Of course, I realize those are extreme examples. And, those are all groups of people who are unable to take up their own offenses, so to speak. Do the people who have been hurt by spiritual abuse fall into the same category? Do THEY need an advocate?

I’d never feel bold enough to say that I can be anyone’s advocate, but I do believe that those who have been mistreated in church situations can very often find themselves in a place where they are unable to do anything about what they’ve experienced. Often, they are so entrenched in the thinking that church leadership has promoted that they have lost the ability to recognize an offense for what it is – behavior that is totally inappropriate from a church leader – and instead feel a sense of condemnation because they aren’t “spiritually mature” enough to “just move on.” Years and years of incorrectly expanded teachings on gossip, too, will leave someone feeling paranoid about the potential for sin in merely putting into words what they observed and experienced. Also, if you’ve been taught that you must submit to your authorities no matter what, you will never be able to step outside an unjust church discipline experience to see it for what it was – you will continue to believe, even if your senses are telling you otherwise, that the sinful party is still YOU.

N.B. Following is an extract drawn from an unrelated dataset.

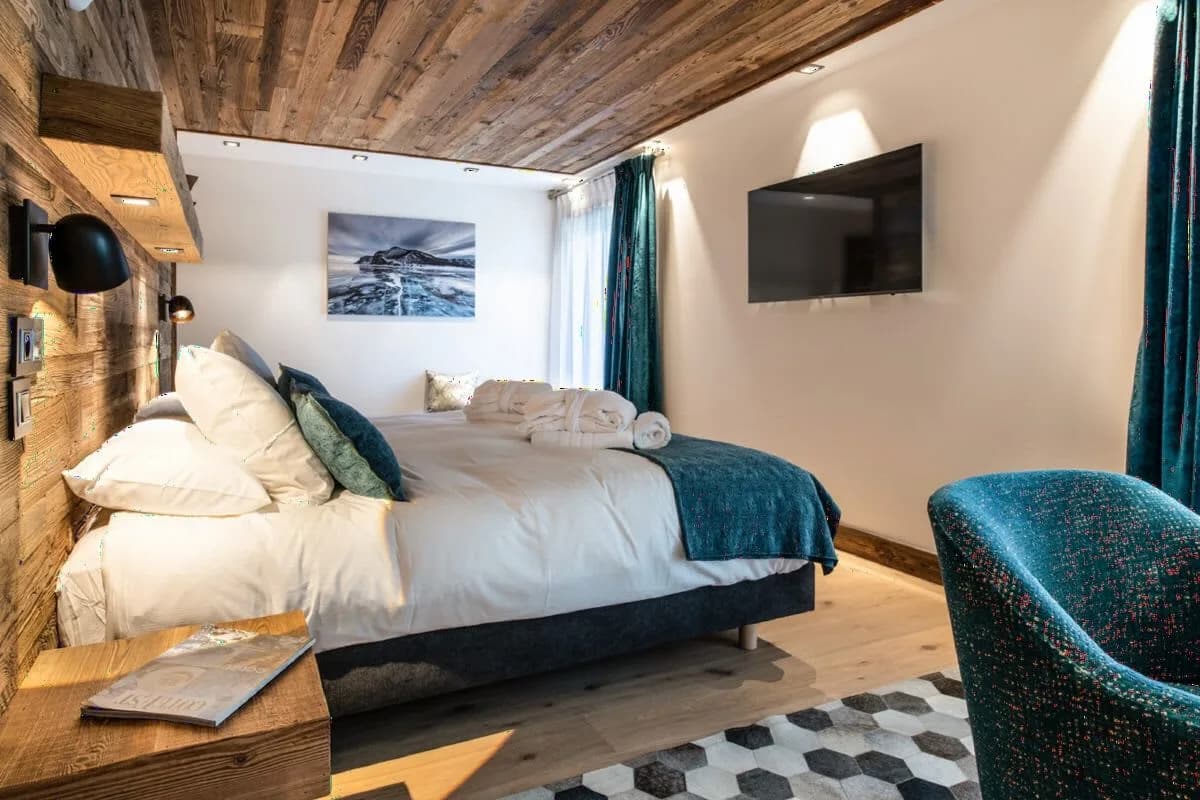 Premium Alpine Retreat for Family Groups photo 5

So yes, although it seems a little implausible, I believe that spiritual abuse is a situation where victims may need some help in handling their offenses in a productive, positive way that will bring about the healing and reconciliation that God desires for them. I’ve come to believe, from everything that has been shared on this site and with me via email, that Sovereign Grace Ministries has promoted in many cases a unique set of circumstances that have left people feeling improperly condemned and utterly powerless to fight back against actions and teachings from church leaders that are false, manipulative, and downright WRONG.

As I pondered the question of whether it was ALWAYS “sinful” to get upset on another person’s behalf, it hit me that perhaps Sovereign Grace’s strong emphasis on this rather unique area of “sin” was more a tool of control – much the same as SGM’s stringent and expanded teachings on what constitutes “gossip.” Maybe over the years, SGM leadership has come to the realization that it’s not always possible to keep people from discussing their church hurts and disappointments, even when they’ve been heavily trained that to have such a discussion would be to engage in “gossip.” Maybe that’s why leadership has categorized “taking up another’s offenses” as an across-the-board “sin” – because it’s a second layer of protection against having a group of hurt and disgruntled church members rising up and pressing leadership for change.

So ultimately, I’ve concluded that while “taking up others’ offenses” is pretty clearly NOT a good thing to do when those offenses are trivial or way off base, it simply cannot always be wrong. And I do not think that it is wrong here. These issues within many SGM churches, which would include some structural matters – such as SGM’s stringent and sometimes unjust discipline processes – as well as some teachings – such as CJ’s teachings on unquestioning submission to church authorities – have been going on for a long, long time. Yet this blog was somehow the first place where these things have been discussed openly in a broader way.

To me, it’s obvious that this silence has been going on for far too long. While not all members of all churches are affected by these problems, there are enough stories from a broad enough sampling across the country (and even in England) for me to believe that somebody needs to say something.

Or at least have a spot on the internet where these people can say something for themselves.